Segment Start: Data to examine

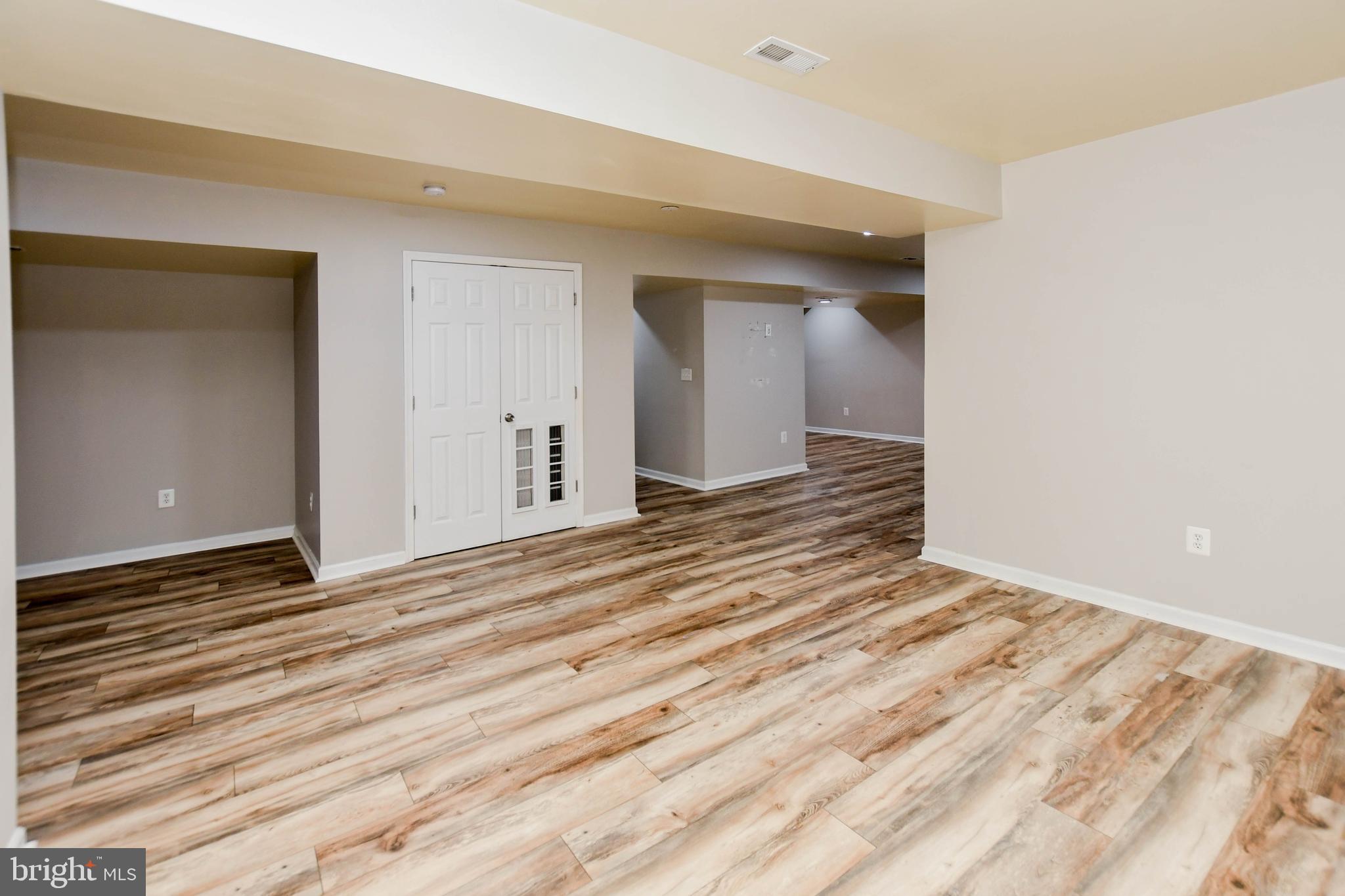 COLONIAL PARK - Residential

Segment End: Data to examine
Segment Start: Data to examine

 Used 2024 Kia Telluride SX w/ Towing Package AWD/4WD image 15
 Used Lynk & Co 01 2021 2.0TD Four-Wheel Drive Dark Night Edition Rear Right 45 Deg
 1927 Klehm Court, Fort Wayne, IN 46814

Segment End: Data to examine
Segment Start: Data to examine

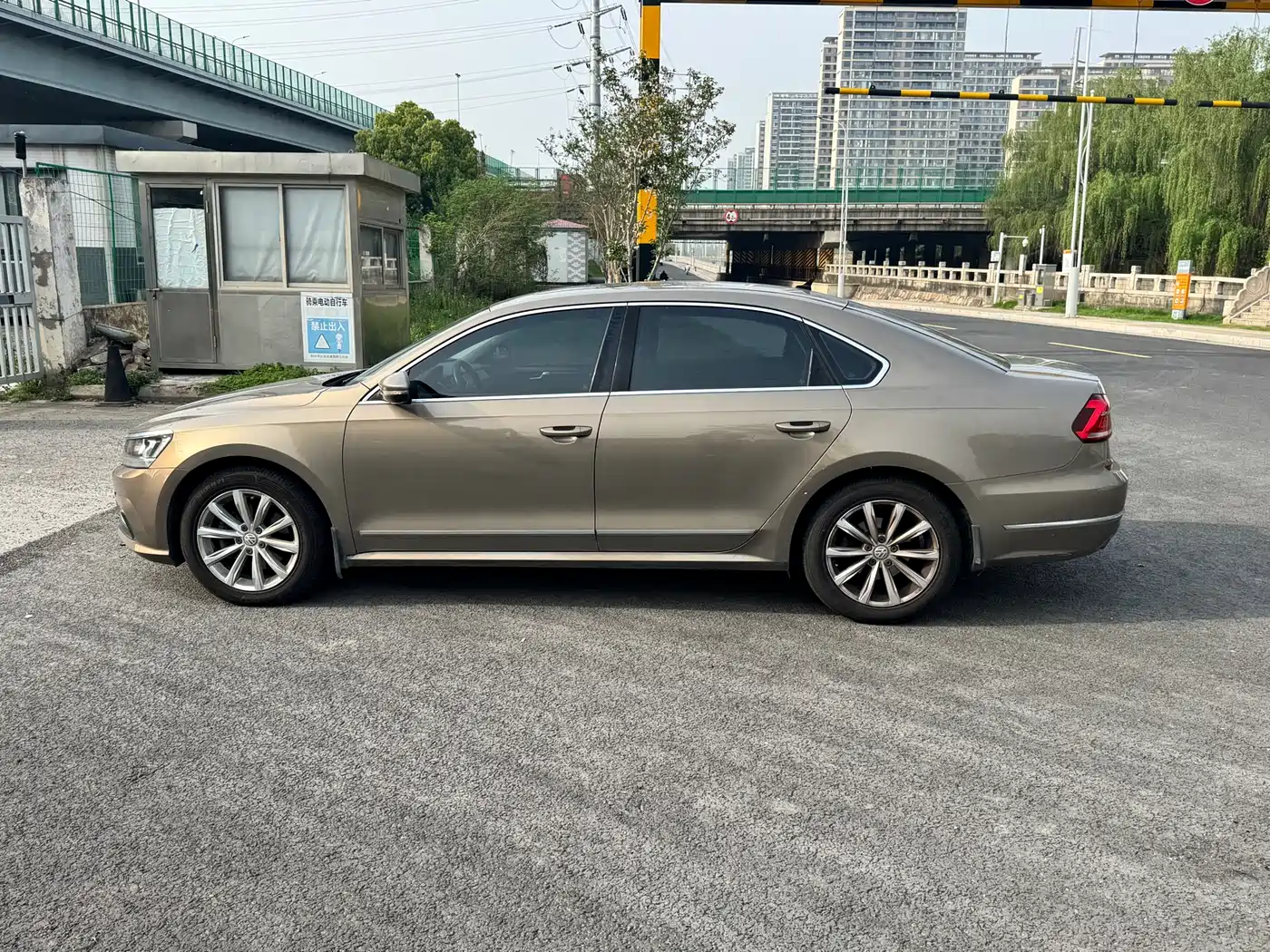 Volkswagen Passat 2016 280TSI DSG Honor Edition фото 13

Segment End: Data to examine

Work required →
Among the entries above, locate the lines containing "Used Lynk &" and "1927 Klehm Court, Fort Wayne, IN 46814", and transcribe exactly those two lines and all lines between.

Result of this exercise →
 Used Lynk & Co 01 2021 2.0TD Four-Wheel Drive Dark Night Edition Rear Right 45 Deg
 1927 Klehm Court, Fort Wayne, IN 46814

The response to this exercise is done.